“A morte de qualquer homem diminui a mim, porque na humanidade me encontro envolvido; por isso, nunca mandes perguntar por quem os sinos dobram, eles dobram por ti”. Este é um trecho de um poema do escritor inglês John Donne, que viveu no século 16. Hemingway, quatro séculos depois, fez de um pequeno recorte o título de um famoso livro seu.
Nossos sinos dobram pelo que ganha sentido em nossas vidas, pelo que nos arrebata. E nós que temos a convicção de que literatura é linha e fio de tecer humanidade – “nenhum homem é uma ilha, completa em si mesma; todo homem é um pedaço de continente, uma parte de terra firme” – insistimos e resistimos à ideia de que literatura é artigo de última necessidade. Ao contrário, é luxo de primeiríssima necessidade, como tantas vezes disse Silvia Castrillon. É linha e luxo para fazer de nós menos ilha e mais continente, como dizia Donne. A literatura acorda, refina e fortalece nossa empatia, demonstram estudos de neurociência.
E eu, que sou o desaguadouro de tantas vozes potentes e anteriores a mim, e também contemporâneas e amigas, como Nilma Lacerda, Percival Leme Britto, Beth Serra, Silvia Castrillon, Graça Castro, Fabíola Farias, Bartolomeu Campos de Queirós… Eu pensei um dia, lá atrás, que seria preciso derrubar as fronteiras individuais para desaguarmos em oceanos por continentes.
Pensei que, claro!, jovens bebendo direto da fonte da boa literatura, por meio de leitura em voz alta e ideias compartilhadas com leitoras(es) maduras(os) e generosas(os), poderia ser uma experiência de conexão e arrebatamento; uma experiência tecida com tempo e cuidado para criar raízes profundas na mente e no corpo, que caminham de mãos dadas na tecitura do nosso ser.

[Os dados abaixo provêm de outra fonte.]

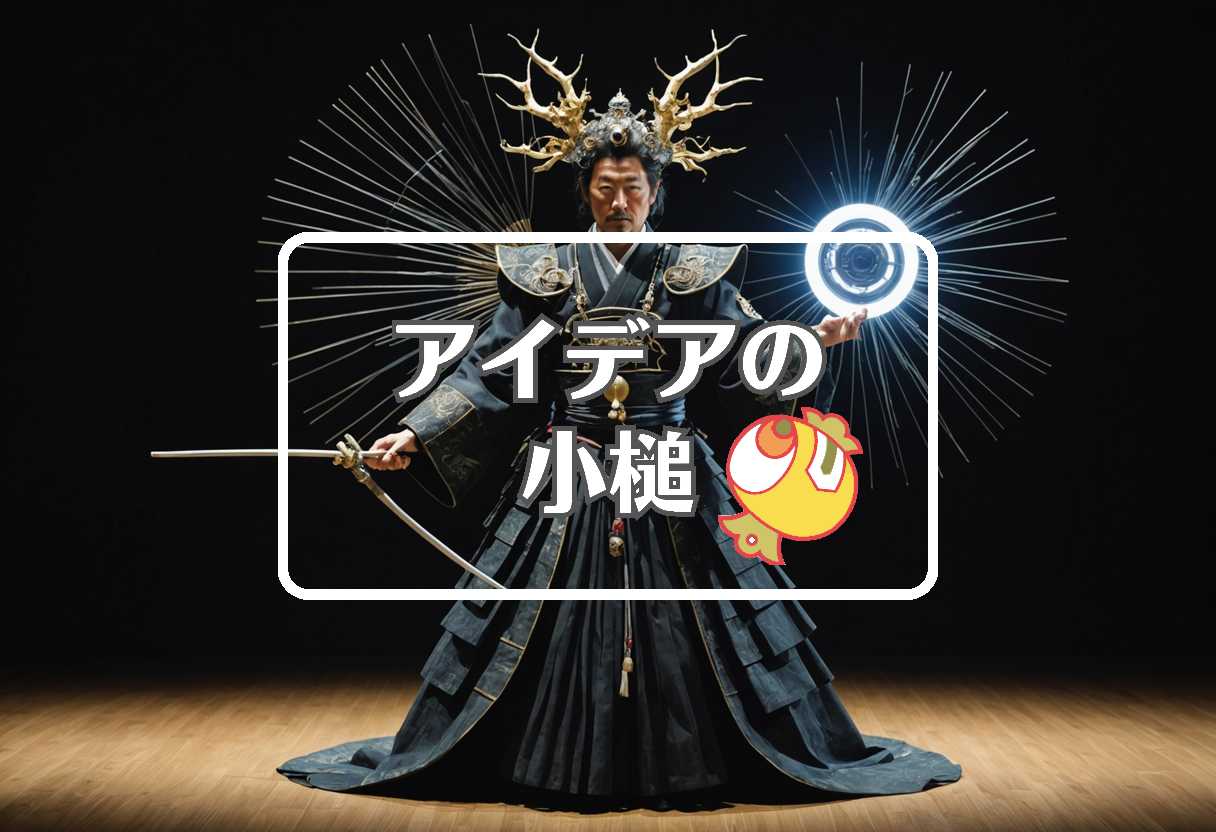 杉良太郎 × 短命なものを長寿命なものに置き換える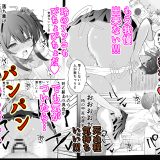 新作「JK拾う4」サンプル6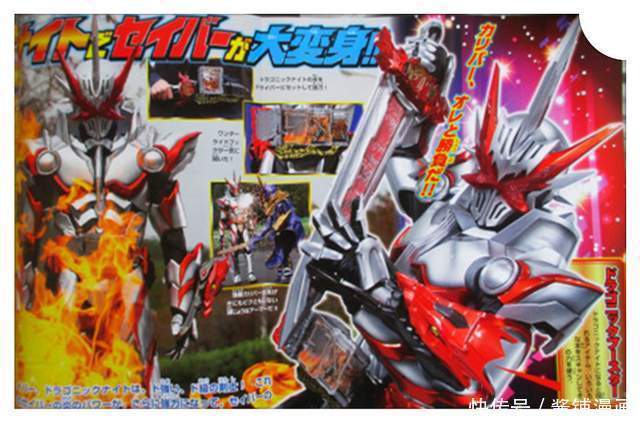 神圣|假面骑士圣刃新情报,新龙纹骑士上线,大绝招叫神圣火焰龙破斩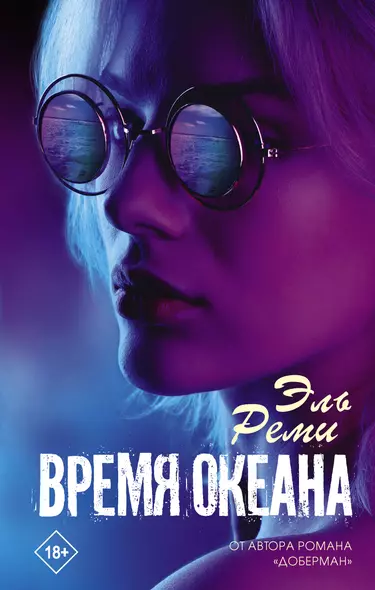 Время океана - фото 1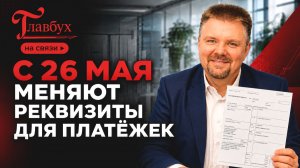 Новые коды в платёжках: за ошибки — штраф. Главбух на связи, выпуск 58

Sair de si e ao mesmo tempo conectar-se consigo mesma(o), expandindo fronteiras no encontro com o outro mediadas(os) pela literatura; aprendendo a se ouvir e ouvir o outro; acordando memórias, ampliando horizontes e derrubando preconceitos.
Nasceu assim o projeto Leitores Sem Fronteiras! Ambicioso de si mesmo. Convicto de que uma vez estabelecido o vínculo e o sentido com a leitura literária jovens leriam, para si, entre si, para outras tantas gentes, num crescendo, expandindo e reivindicando para si, para elas e para eles, a fonte renovável de mais experiências literárias: leitoras e leitores sem fronteiras reivindicariam para si as bibliotecas, nas escolas, abertas à comunidade, desaguando na comunidade. Leitoras e leitores sem fronteiras. Escolas sem fronteiras. Bibliotecas sem fronteiras. Leituras sem fronteiras.
Eu semeei essa ideia desde 2012. Ou seria uma garrafa com bilhete que lancei ao mar? Foi no mesmo ano em que pensei na Campanha Eu Quero Minha Biblioteca, cuja nau eu piloto até hoje com a firme determinação de partilhar informações preciosas sobre como mobilizar a gestão pública para que recursos públicos sejam planejados e efetivados para qualificar e criar bibliotecas em escolas, preferencialmente abertas à comunidade. Eu sei que você sabe, mas sempre vale repetir: 69% das escolas públicas brasileiras ainda não têm bibliotecas[1].
Concordei imediatamente quando ouvi de Percival que “a biblioteca é imprescindível em uma proposta de escola onde faz sentido estudar”, porque “não nos interessa que as pessoas leiam, mas que aprendam e se construam como pessoas em relação à vida”.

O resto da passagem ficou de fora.